22. The contract of carriage under the said Railway Receipt being between K. P. Ramaswami Nadar Sons & Co. and the Railways the plaintiff No. 2 cannot base its cause of action on the same. The ownership of the plaintiff No. 2 in the said goods at the time of the institution of this suit is also not freefrom doubt. Without further evidence as to the transaction as between the plaintiff No. 2 and the said K. P. Ramaswami Nadar Sons & Co. as indicated by their respective endorsements on the said Railway Receipt it is not possible to come to a conclusion whether the plaintiff No. 2 remained the owner of the goods consigned or became an agent of the said K. P. Ramaswami Nadar Sons & Co. In the circumstances, I hold that the plaintiff No. 2 has no cause of action in this suit. To this extent, this issue is answered in the negative and in favour of the defendant.

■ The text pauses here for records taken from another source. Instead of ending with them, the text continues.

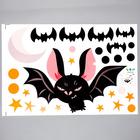 Наклейка пластик интерьерная цветная "Летучие мыши" 40х60 см - фото 809439238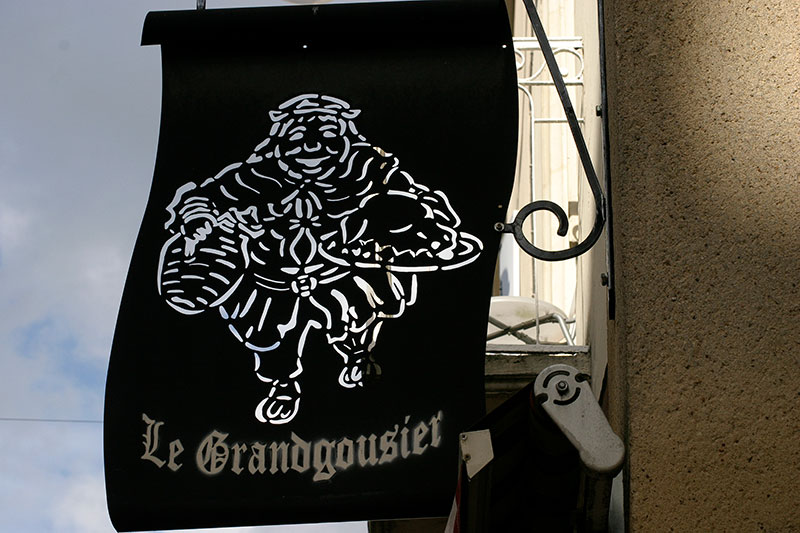 Enseigne du restaurant Le Gandgousier à Angers - © Norbert Pousseur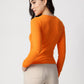 Orange Round Neck Top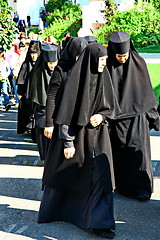 Image showing Nuns take part in the religious procession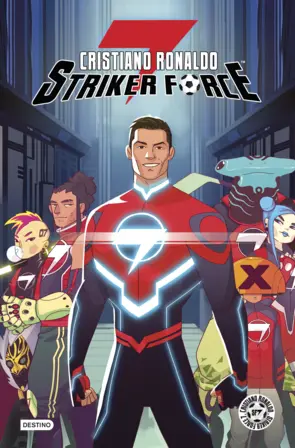 Portada Cristiano Ronaldo Striker Force 7. Volumen 1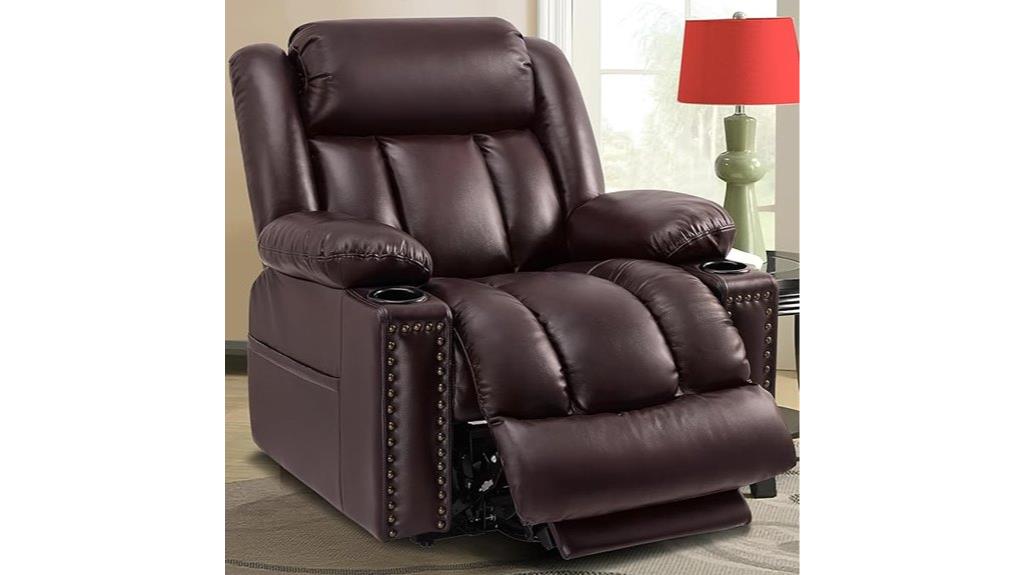 motorized recliner with heat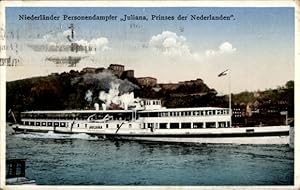 Ansichtskarte / Postkarte Niederländer Personendampfer Juliana, Prinses der Nederlanden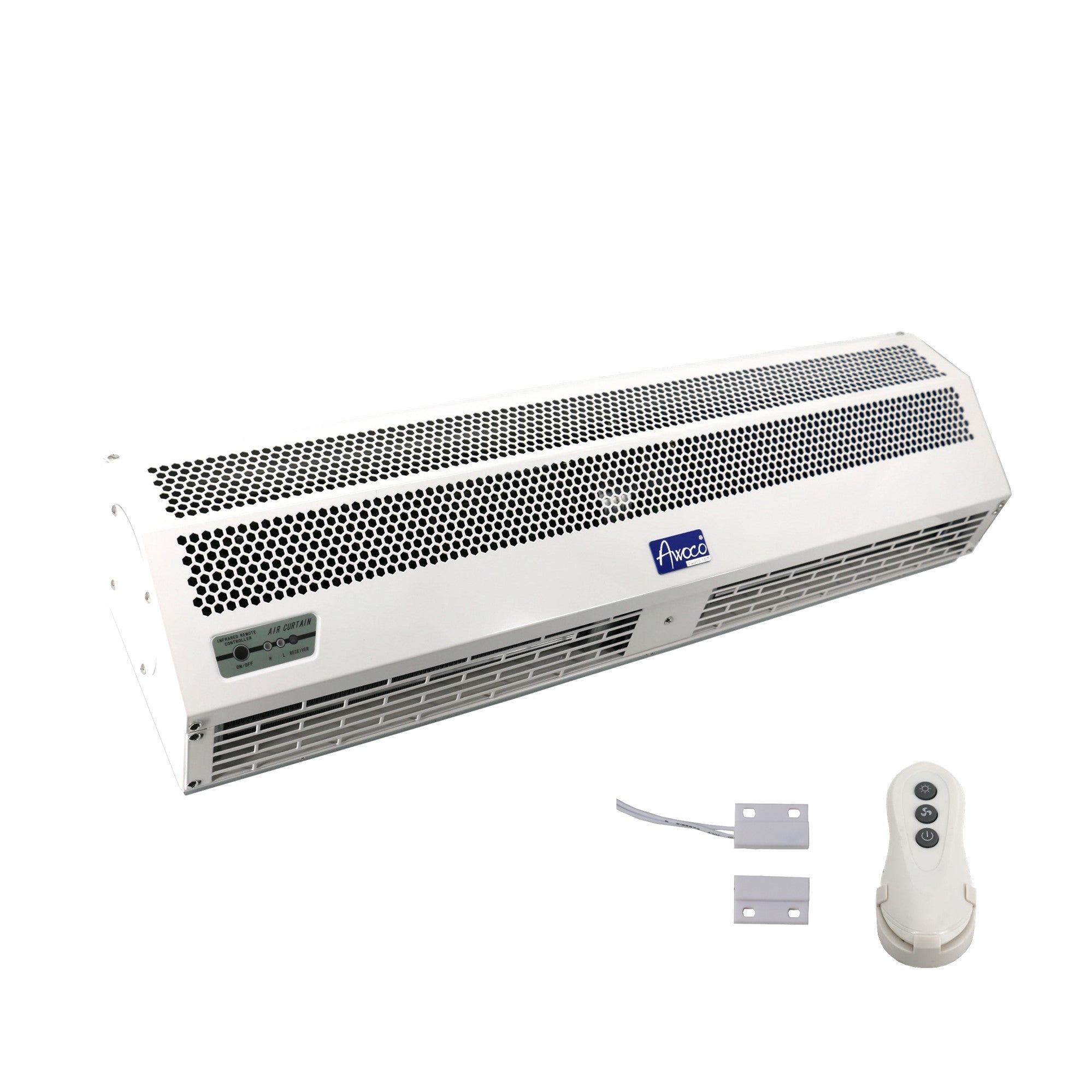Awoco 40" 230V Heated 2 Speeds Commercial Indoor Air Curtain, CE Certified with an Easy-Install Magnetic Door Switch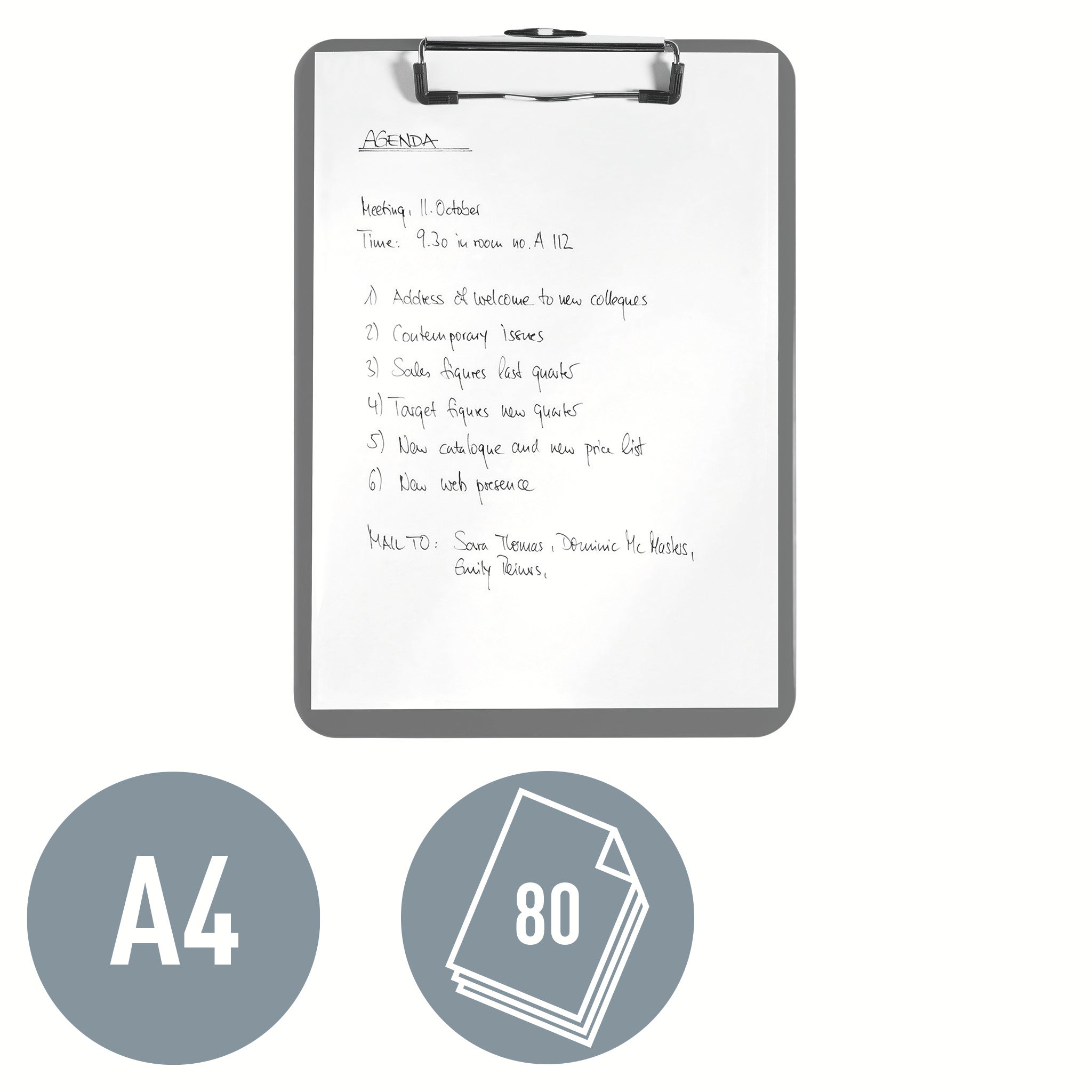 CLIPBOARD SIMPLU ROSU WOW LEITZ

23. So far as the plaintiff No. 1 is concerned, the position is less complicated. Admittedly, the plaintiff No. 1 has obtained the Railway Receipt from the Canara Bank on payment of a sum of Rs. 5,000/- which is undoubtedly a valuable consideration. The Hundi dated the 14th April, 1964 (Exhibit C) contains an endorsement of the payment made on behalf of the plaintiff No. 1 to the Canara Bank Ltd. Saraff has stated that it was a term of the transaction that after the sale of the goods, the plaintiff No. 1 would deduct the money advanced from the sale proceeds. In the circumstances, it appears that for the purpose of repayment of the money advanced the goods were to be treated as security and/or would be deemed to have been secured in favour of the plaintiff No. 1.

24. Whatever be the position vis-a-vis the plaintiff No. 2 and K. P. Ramaswami Nadar Sons & Co., so far as the plaintiff No. 1 is concerned, it is an endorsee of the said Railway Receipt for valuable consideration and further it acquired an interest in the goods covered by the said Receipt by advancing money against the said Receipt, The right of the plaintiff. No. 1 against the goods under the said Railway Receipt can be enforced as against the plaintiff No. 2 as well as the said K. P. Ramaswami Nadar Sons & Co.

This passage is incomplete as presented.